The term “conservative” has fallen on hard times these days: Those that carry the name are anything but (at least in most provinces); or, the name conjures up images of outdated policies, concrete thinking, and male chauvinism.
Sometimes that’s true, but mostly it’s political mudslinging.
To conserve really means to be cautious, constrained, and careful. We need that sort of leadership at every level in this country. Those are good principles when leading any jurisdiction—including the family.
Meanwhile, back in Quebec, our friends said “yes” to those conservative principles and “no” in a very big way to independence —or at least a referendum on Quebec sovereignty–by voting in a conservative government. It seems that common sense prevailed. The people, marked by an overwhelming fit of the greater good, have spoken, loudly and clearly.
The Liberal party that thumped the Parti Quebecois, so far as I know, is very much like the Liberal party of British Columbia, namely, more liberal than Conservative, but more conservative than Liberal. (Please note which words have the capitals; it actually does make sense.)
If you’re still confused, look at federal politics as an example: BC and Quebec’s Liberals would be somewhere between Stephen Harper and Justin Trudeau—just to the right of centre.
Independence has a cost, and wiser heads prevailed in Quebec recently. Unseen costs and hitches plague every everyone who breaks away.
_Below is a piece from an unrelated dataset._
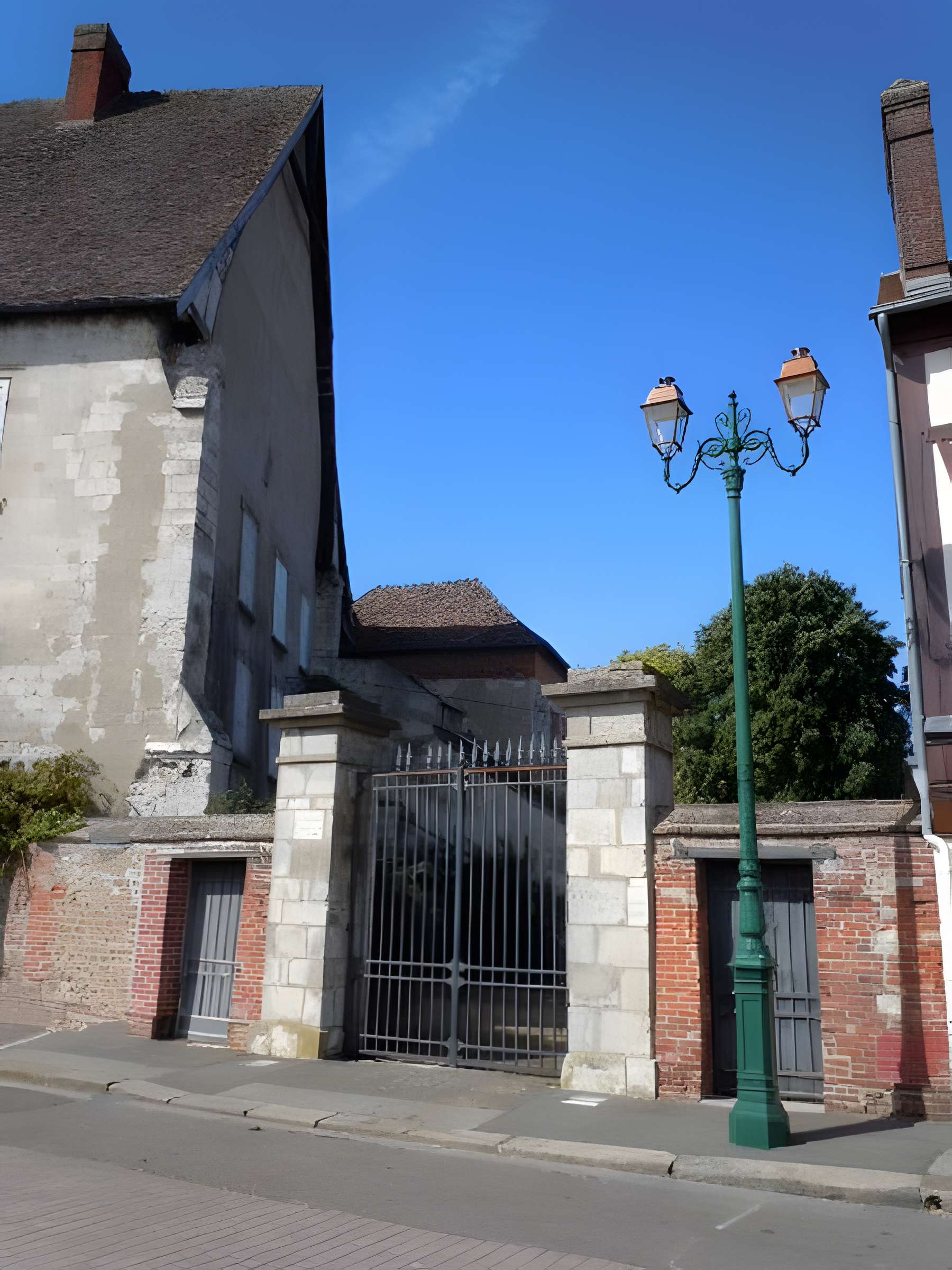 Le Vieux Château de Neubourg
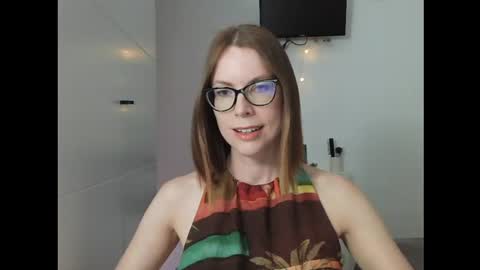 Snapshot of eva_cutesmile chatting on July 2026 07:39:01 PM Eva online show from July 2026 07:39:01 PM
Unknown demands and crises show up at one’s door on a regular basis. Unwelcomed pressure points are part and parcel of independence.
You’re probably saying, “Do you mean a kid leaving home or a province breaking away?”–and the answer is “Yes.”
You see, leaving one’s parents’ home is fun and exhilarating—for a few weeks—as is that newly- obtained driver’s license, the car, and the new job. Everything has a price, nothing is free, and euphoria is soon replaced by reality, freedom is trumped by tasks, and independence is supplanted by dependence.
Now, frame the above around any independence movement, and you get the picture.
Whether it’s Quebec or some African outpost, sometimes independence is a horrific pipe dream, with a steep price to pay. Some day we should examine the disaster of the African nations’ pursuit of independence, not only in terms of what they left behind, but what they have become.
It seems that the voters in Quebec may have learned that lesson in advance.